Against this background of commercial uncertainty, business decisions will require a broad and solid understanding. This stance must be more than just a token tribute to philosophical problems and questions of meaning. It is not good enough to respond with an anti-intellectual ‘so-what?’ for this is a statement of complacency towards the questioning of cherished beliefs, hardly a stance that should be taken by a strategist in the face of uncertainty. Understanding must be disconnected from the prevalent authority. There is a crying need for a reassessment of the problems associated with the expansion of technological systems as integral parts of organizations. As new technology is confidently applied in ever more unstructured environments, the unsuitability of its instrumental rationalism brings about more frequent and increasingly disastrous consequences. The designers of grand schemes optimistically believe that, by mere intention, they can confine the consequences of using a computer installation to the achievement of a ‘wish list’ of their original goals. They fail to see that an evolving system is not the original installation, but what it has become, what it will become, and not what it was intended to be.

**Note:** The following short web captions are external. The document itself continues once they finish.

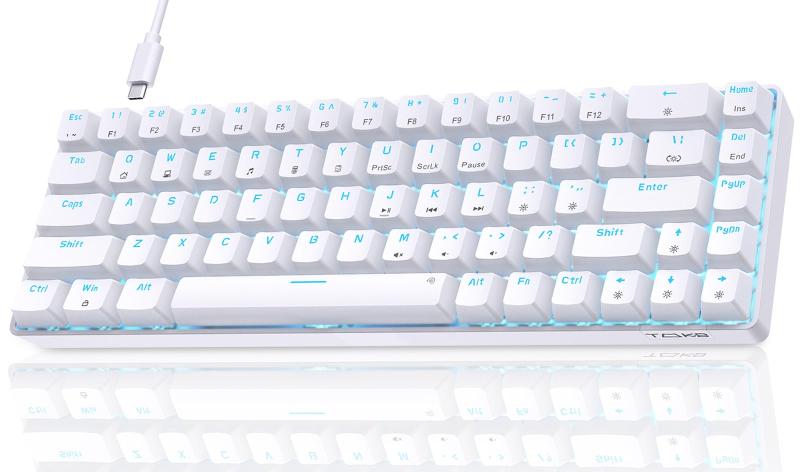 DIERYA DK68SE ゲーミングメカニカルキーボード 有線接続 65%配列 68キー 赤軸 氷ブルーバックライト 全キー無衝突 英語配列 Windows/Mac対応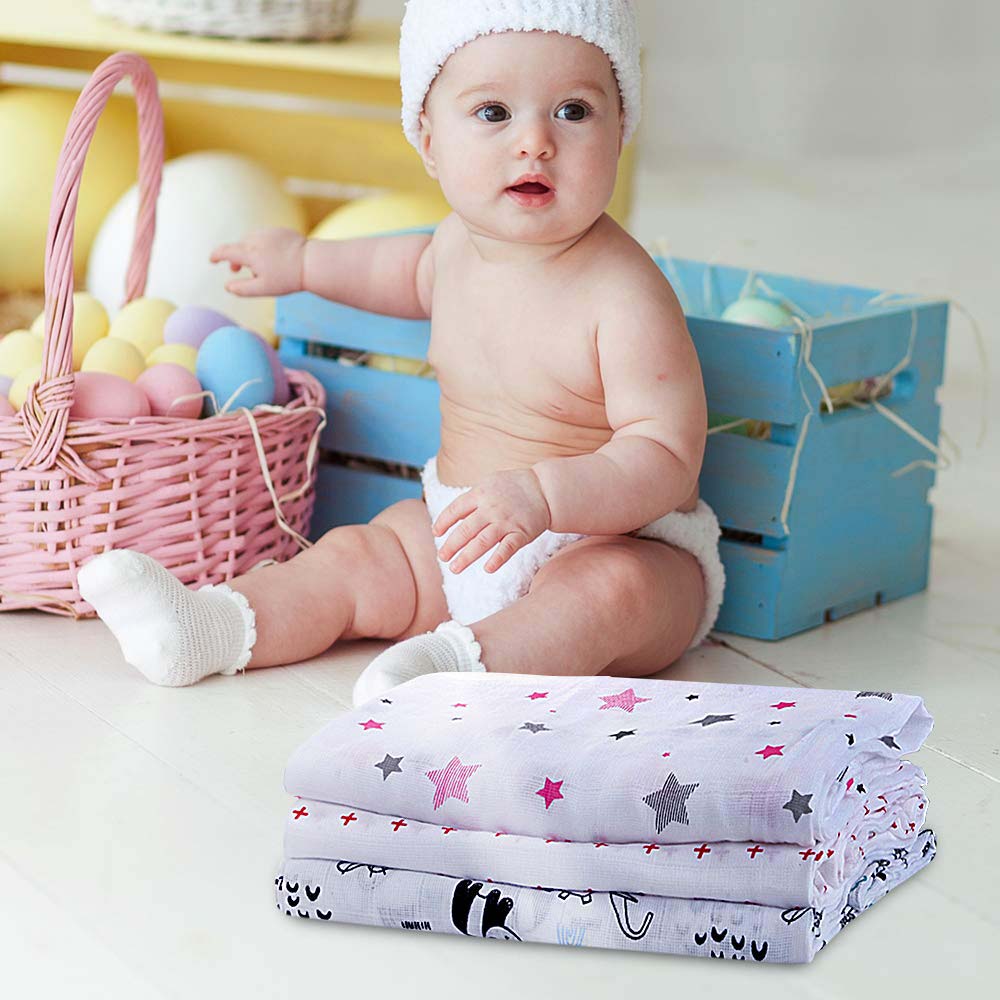 Super soft baby blankets 100% cotton swaddles Cozy infant wraps Gentle baby swaddle cloths triple pack muslin swaddle wraping clothes lazytoddler.com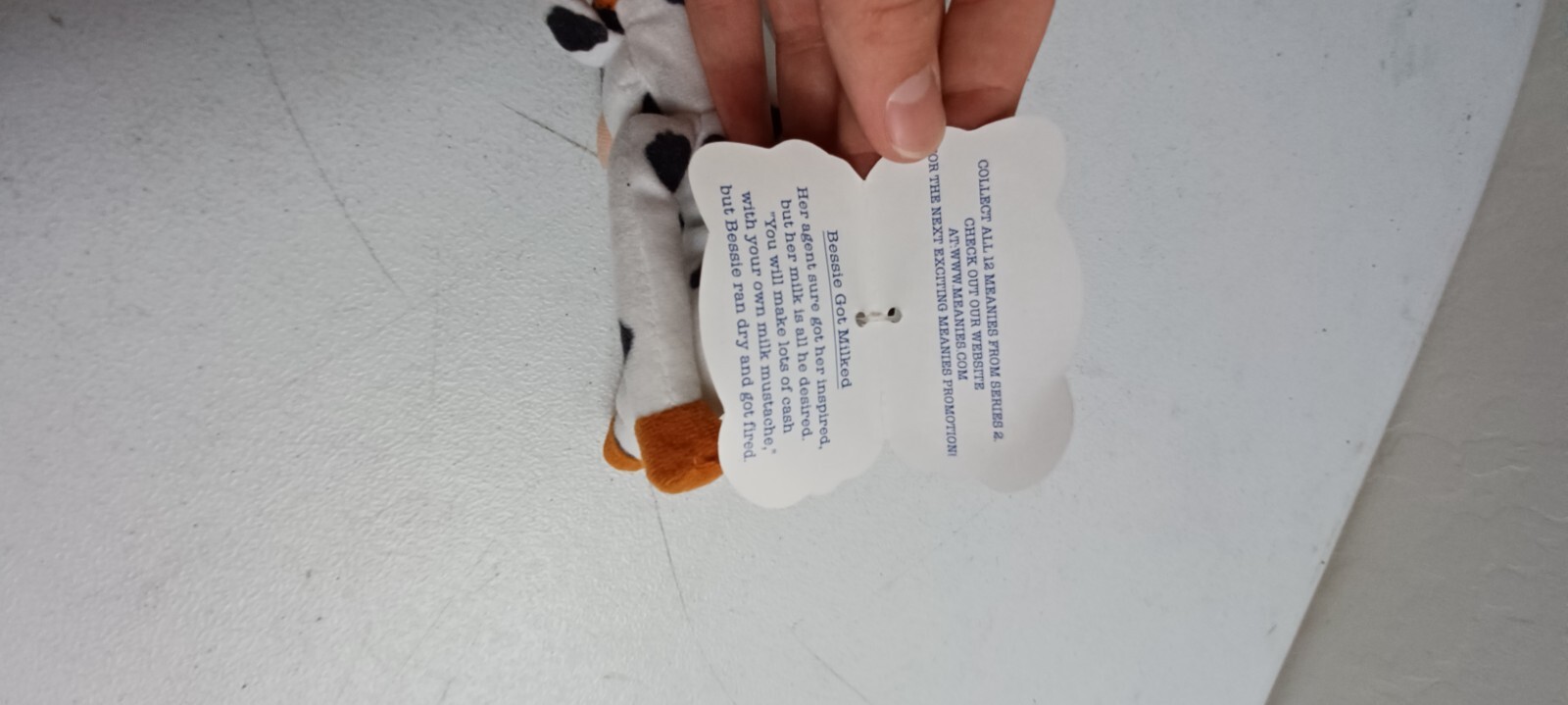 Bessie Got Milked Cow Meanies Beanie Baby Plush Graphic Milk Mustache Series 2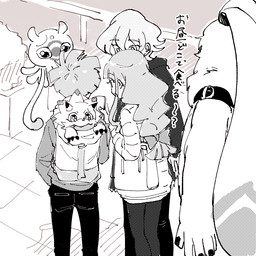 accessory anthro backpack bow_(feature) bow_accessory bow_ribbon clothing female group hair hair_accessory hair_bow hair_ribbon hoodie male ponytail ribbons text topwear haraboudgg bandai_namco digimon digimon_ghost_game hiro_amanokawa kiyoshiro_higashimitarai ruri_tsukiyono angoramon digimon_(species) gammamon human jellymon mammal 1:1 japanese_text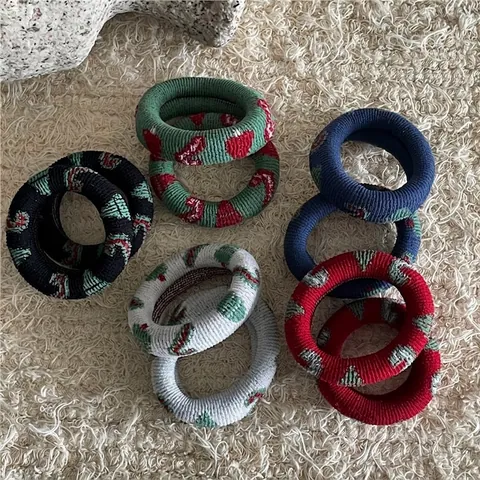Chouchou en Maille Imprimé Sapin de Noël Mignon Anneau de Serviette Doux Haute Élasticité pour Femme Fille Style Coréen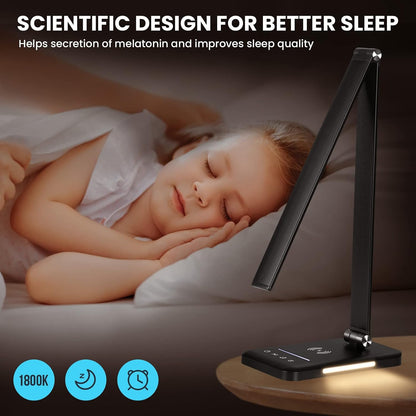 LED Desk Lamp with Wireless Charger, USB Charging Port, Eye Care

In response to this uncertainty, computerized bureaucratic systems are applied, increasingly rigid and inadequate structures leading to deadening conformity and repression. In their models, designers and bureaucrats can only see a tidiness that is a limited snapshot of fragments of ordered functionality and usability. Yet users know they are working in operational environments that are messy and vague, caused by the debris of detail in the unfolding history of a system and its environment. This debris holds the potential of disorder, and when reconstituted by a particular contextual significance and relevance, it can form an erratic and unpredictable nature. Rather than minimizing the risks and maximizing the opportunities nourished by this systemic behaviour, computer systems and methods that are built on narrow intentions and simple goals lead inevitably to counterproductiveness.

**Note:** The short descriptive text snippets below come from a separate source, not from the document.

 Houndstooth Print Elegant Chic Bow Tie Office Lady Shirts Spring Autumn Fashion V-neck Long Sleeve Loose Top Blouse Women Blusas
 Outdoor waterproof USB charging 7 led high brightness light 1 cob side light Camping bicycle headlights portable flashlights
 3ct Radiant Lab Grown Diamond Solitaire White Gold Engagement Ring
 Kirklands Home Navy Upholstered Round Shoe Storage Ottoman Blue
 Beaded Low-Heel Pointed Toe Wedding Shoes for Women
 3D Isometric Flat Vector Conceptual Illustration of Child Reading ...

A new approach is needed, one that will deal with the consequence of technology, as embodied in the observed behaviour of organizations. This approach must balance the advantages against the limited applicability of computers, and be grounded in a theory based on experimentation and contingencies, and a sympathetic reaction to the disposition of the social and commercial environment. It must not be based, naively, on the belief that a description of the situation via models and structures will enable us to be ‘in control’. We can only control in the sense of formulating and precipitating actions or intentions, but this is not being in control of consequences. It is a delusion to assume that we are in control of IT, and to conclude by extension that organizations can be controlled accordingly. Even our vocabulary conspires in this self-deception. ‘Organizations’ are not totally organized, there is much that is disorganized and unorganized, even un-organizable. IT must be used to maintain flexibility and adjust tactical intention, so as to relate consequences to perceived strategic aims. Continuous experimental feedback within each organization is essential if we are to emphasize information and separate it from technology. We need this new attitude in order to overcome the cynical opportunism widespread in many stakeholders who are promoting ‘certainty through information technology’, preying as they do on the business world racked with doubt and uncertainty. They can no longer shift responsibility for tangible consequences onto a technology that ultimately cannot be culpable.